_What you have to do_
Leave the pictures aside and give back every entry below word for word.
____
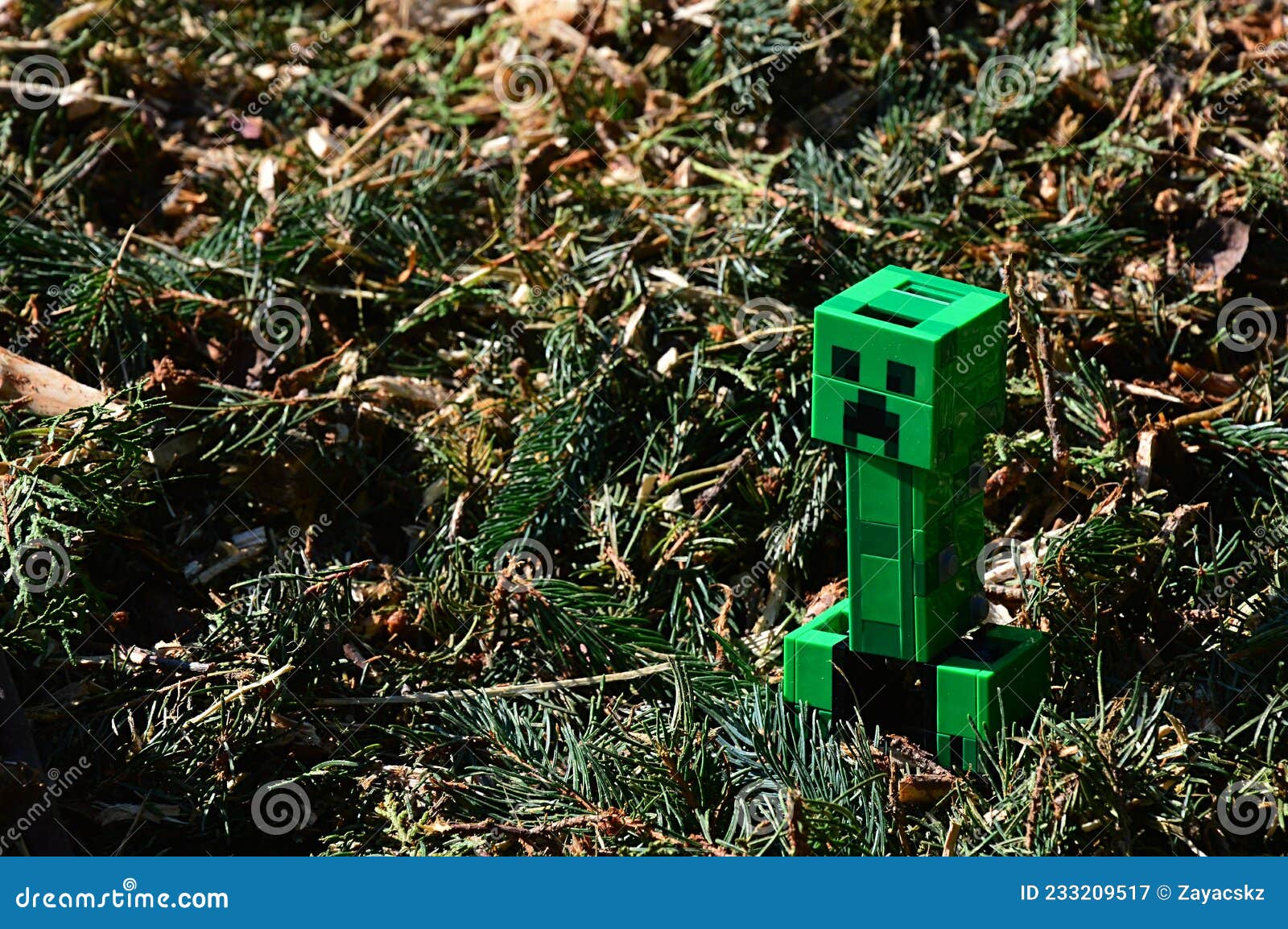 LEGO Minecraft Large Green Action Figure of Dangerous Explosive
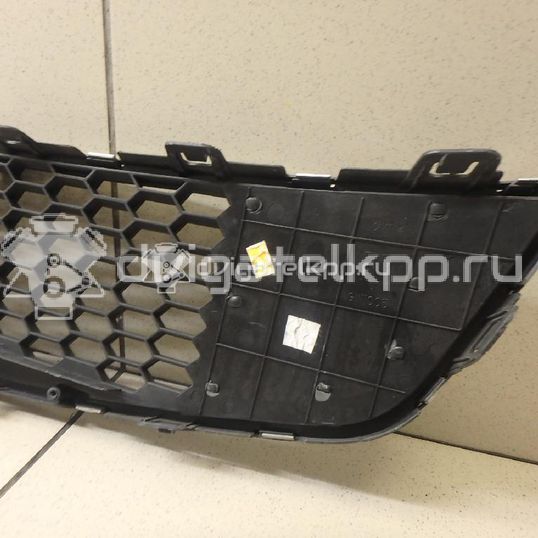 Фото Решетка радиатора  95225615 для Chevrolet Cruze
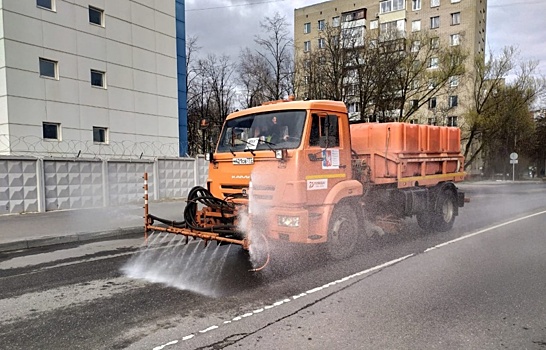 Дороги и тротуары продезинфицировали в поселении Мосрентген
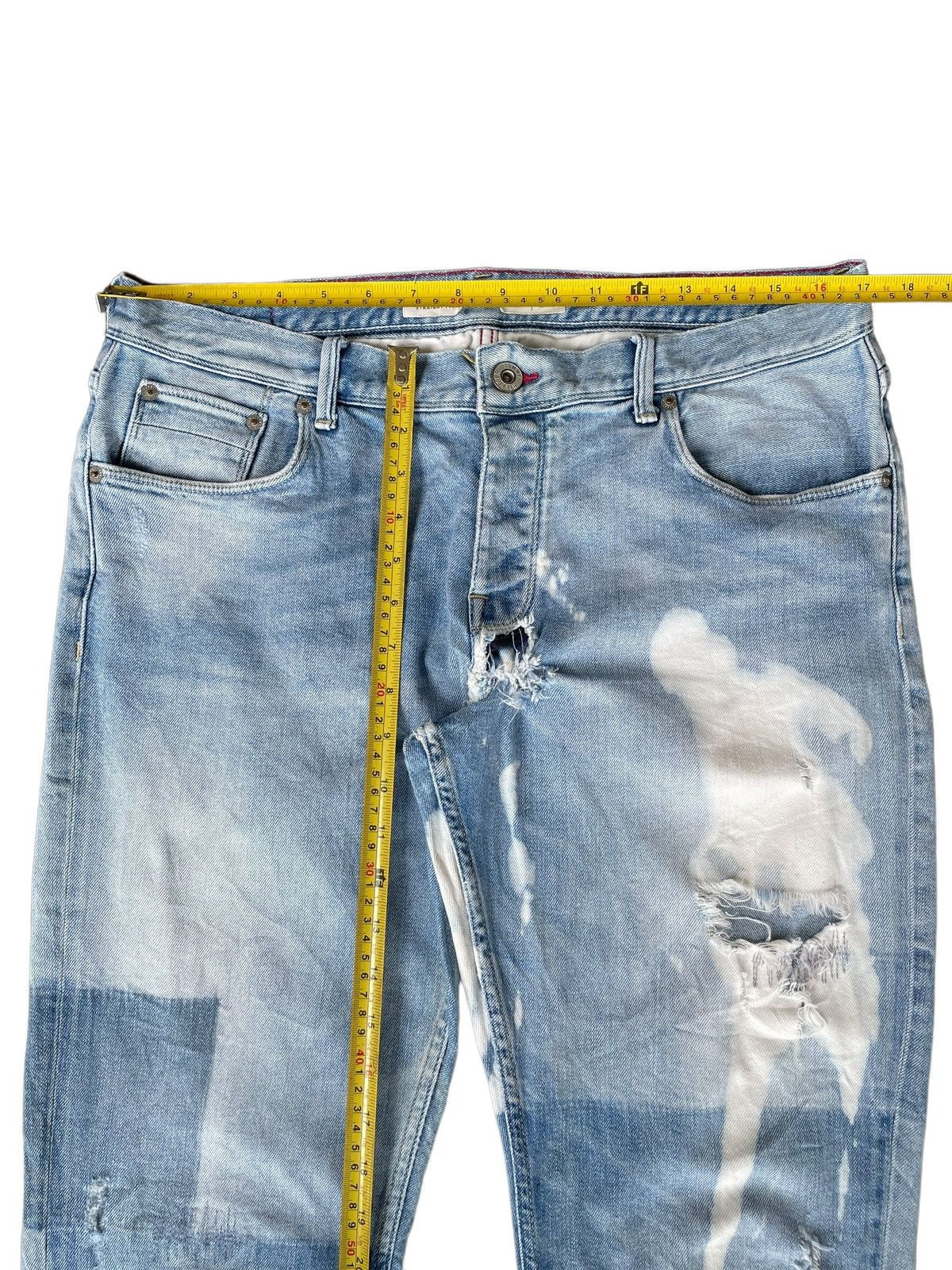 Tommy Hilfiger Tommy Hilfiger Bleached Wash Distressed Patches Style Jeans Size US 34 / EU 50 - 17 Thumbnail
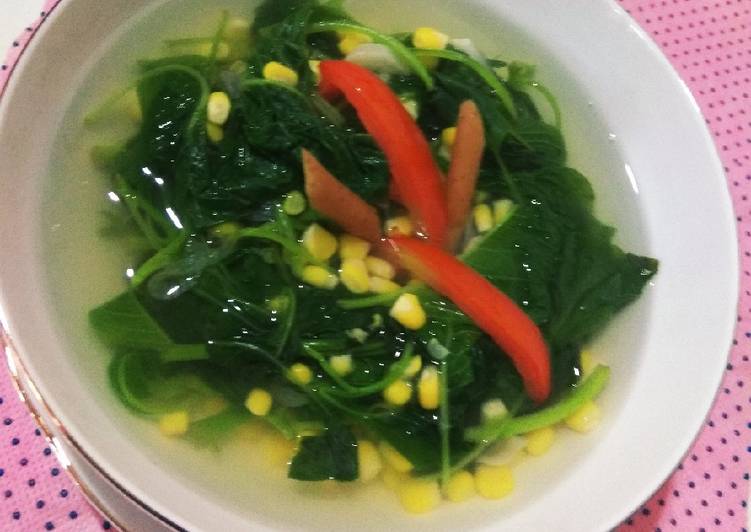 Sayur bening bayam kunci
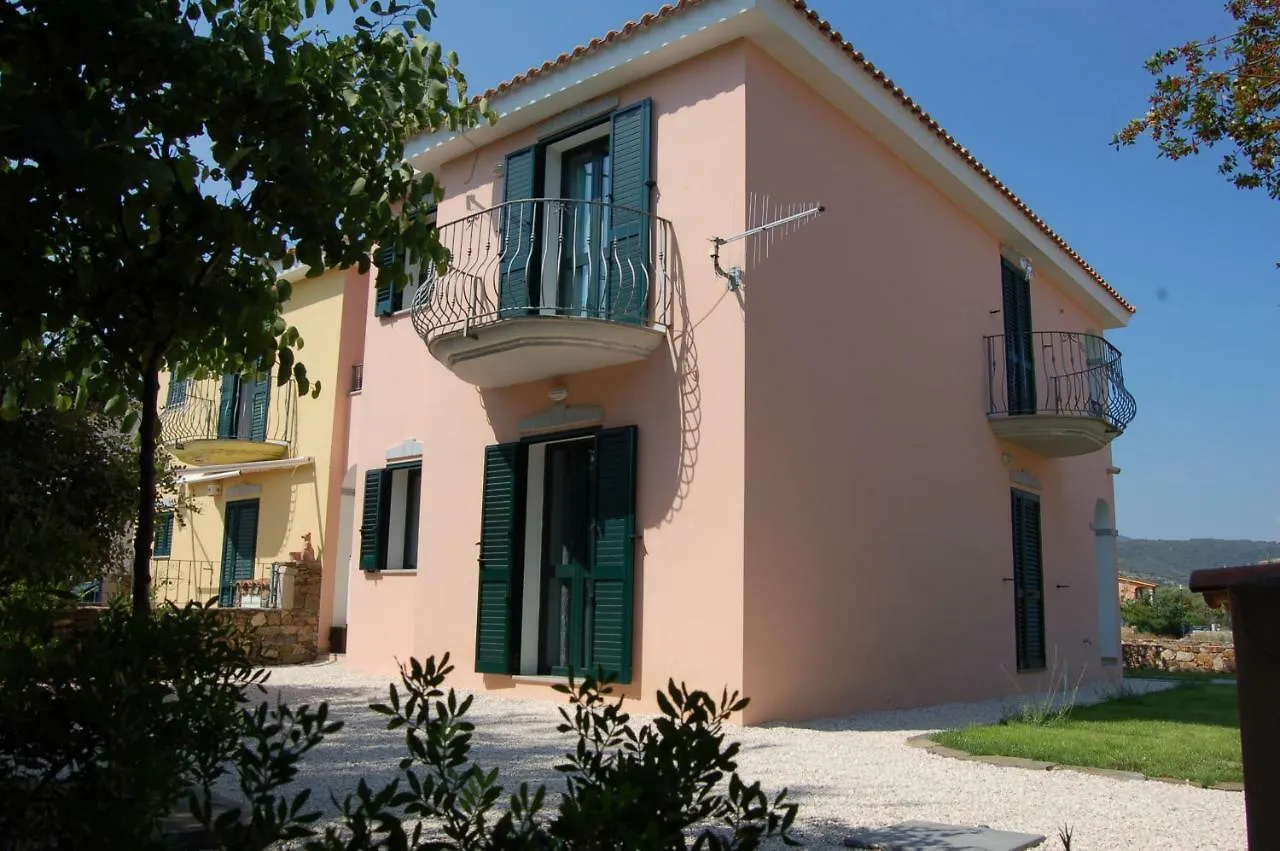 Ferienwohnung Via Costantino Budoni Apartment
____
_Written answer_
 LEGO Minecraft Large Green Action Figure of Dangerous Explosive
 Фото Решетка радиатора  95225615 для Chevrolet Cruze
 Дороги и тротуары продезинфицировали в поселении Мосрентген
 Tommy Hilfiger Tommy Hilfiger Bleached Wash Distressed Patches Style Jeans Size US 34 / EU 50 - 17 Thumbnail
 Sayur bening bayam kunci
 Ferienwohnung Via Costantino Budoni Apartment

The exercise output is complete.